» **Brief**
Hand back every line from the beginning of the data below through the line containing "2005 LEXUS ES 330 JTHBA30GX55076984 Photo 3", word for word and free of pictures.

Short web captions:
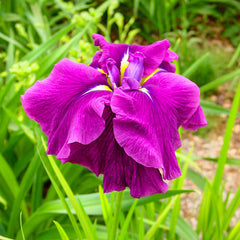 Good Omen Japanese Iris Caiuet Garden Beauty Rebloom Dutch Iris Bulb Multiply Rapidly Beauty Rebloom Iris Bulbs Home Balcony Bonsai Perennial Garden Flower Seeds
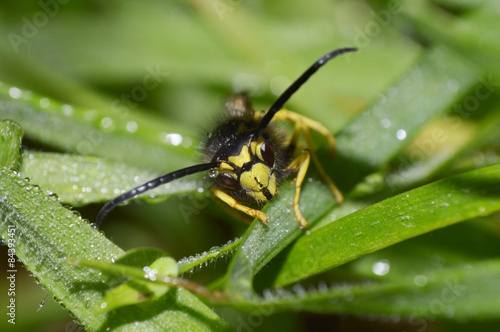 Close-up macro portrait of a wasp in the early morning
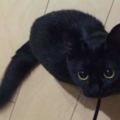 許多人一直認為「黑貓」的存在就是不詳，但是這隻眼睛超大的黑貓卻征服了許多人心！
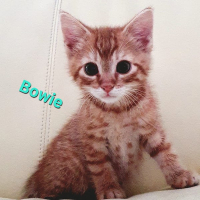 AR Bowie kater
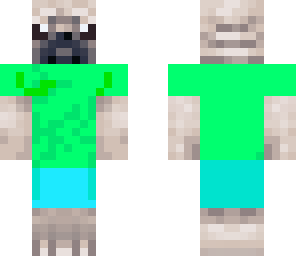 bulldog in cool clothing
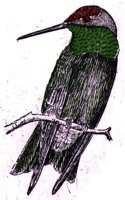 AAS50792.JPG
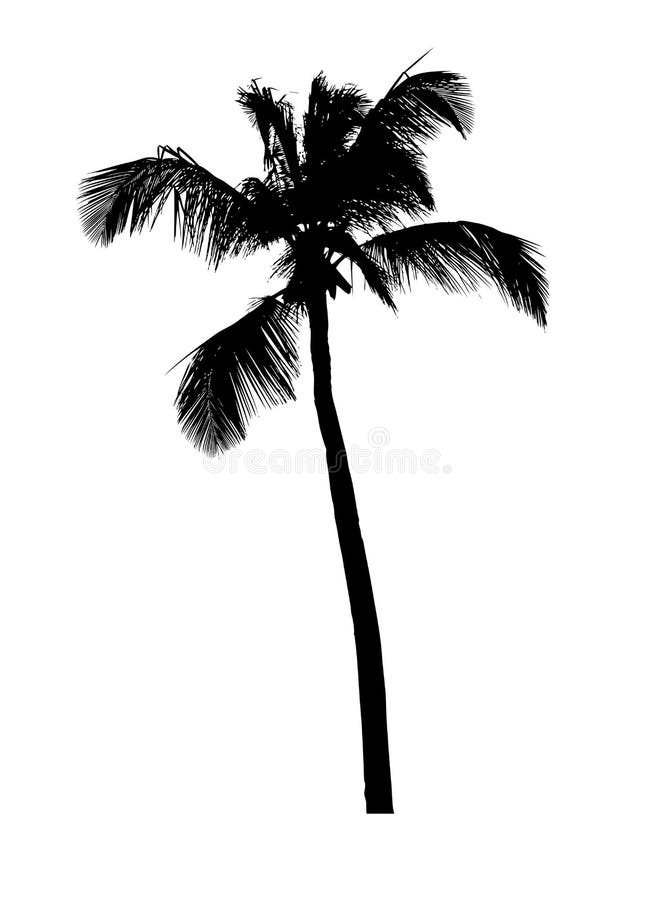 Silhouette of palm on white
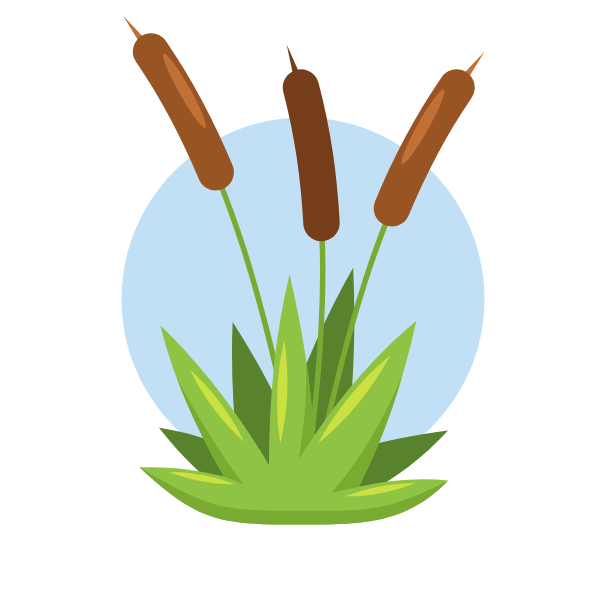 Reed plant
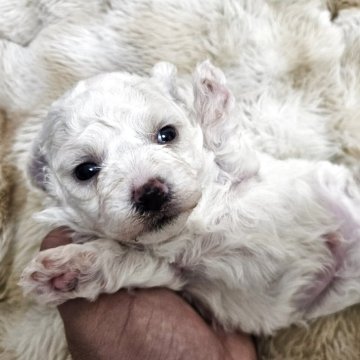 ビションフリーゼ【埼玉県・男の子・2025年10月28日・ホワイト 白】の写真「もふもふ☁️ミニビション💕パパ：２.５ｋｇ」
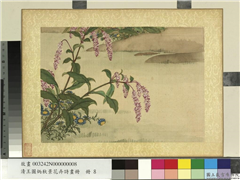 清王图炳秋景花卉诗画册　册　红蓼,绘画,花草,山水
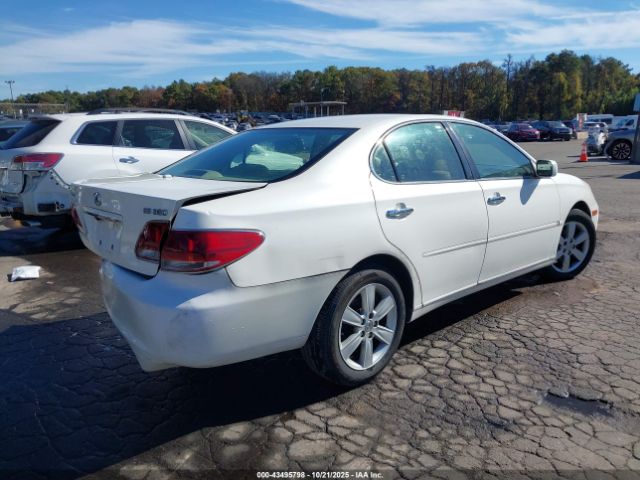 2005 LEXUS ES 330 JTHBA30GX55076984 Photo 3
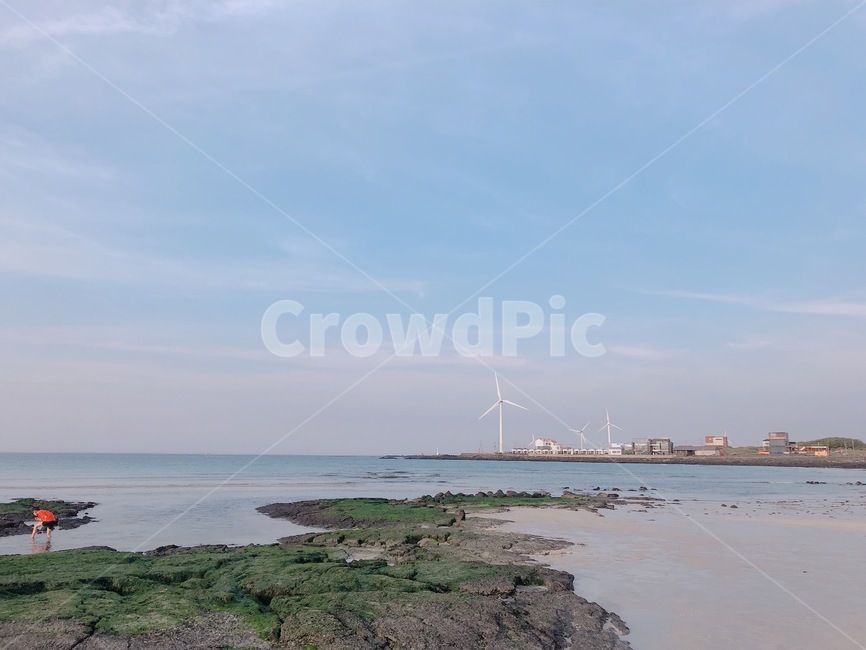 제주도,바다,하늘,해안가,자연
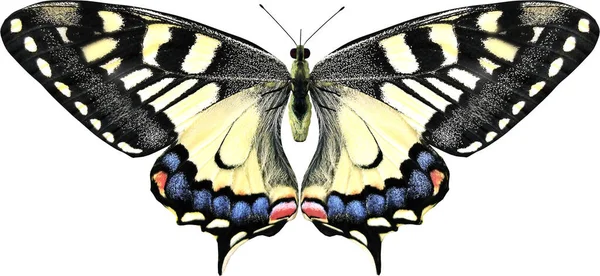 Common Yellow Swallowtail Close Renderizado Aislado Sobre Fondo Blanco — Foto de Stock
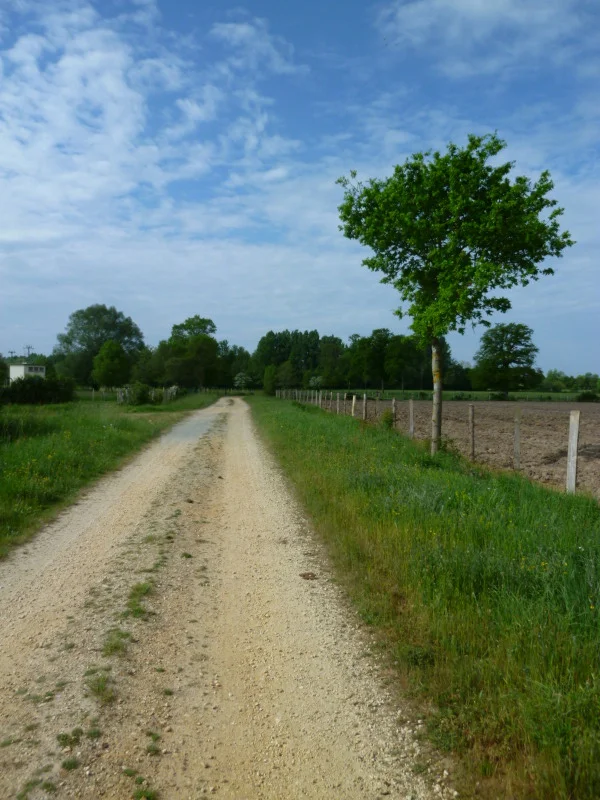 Vélo de route Circuit des Garennes · Guenrouet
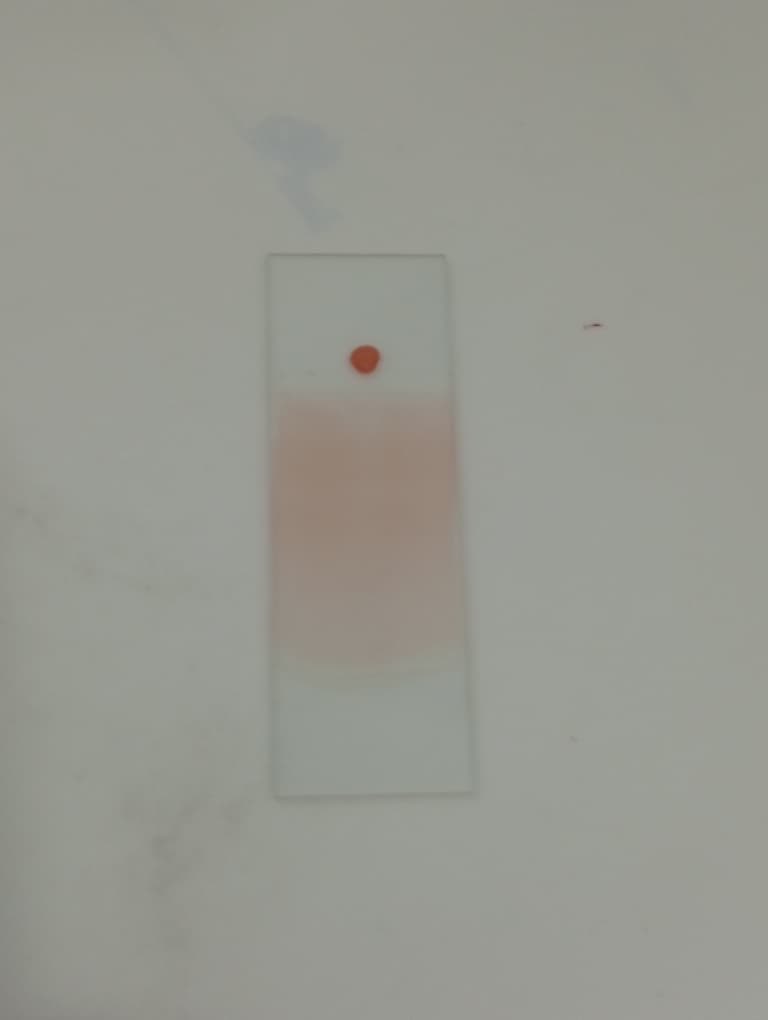 Dododawa (MLS) tweet media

» **Problem solution**
 Good Omen Japanese Iris Caiuet Garden Beauty Rebloom Dutch Iris Bulb Multiply Rapidly Beauty Rebloom Iris Bulbs Home Balcony Bonsai Perennial Garden Flower Seeds
 Close-up macro portrait of a wasp in the early morning
 許多人一直認為「黑貓」的存在就是不詳，但是這隻眼睛超大的黑貓卻征服了許多人心！
 AR Bowie kater
 bulldog in cool clothing
 AAS50792.JPG
 Silhouette of palm on white
 Reed plant
 ビションフリーゼ【埼玉県・男の子・2025年10月28日・ホワイト 白】の写真「もふもふ☁️ミニビション💕パパ：２.５ｋｇ」
 清王图炳秋景花卉诗画册　册　红蓼,绘画,花草,山水
 2005 LEXUS ES 330 JTHBA30GX55076984 Photo 3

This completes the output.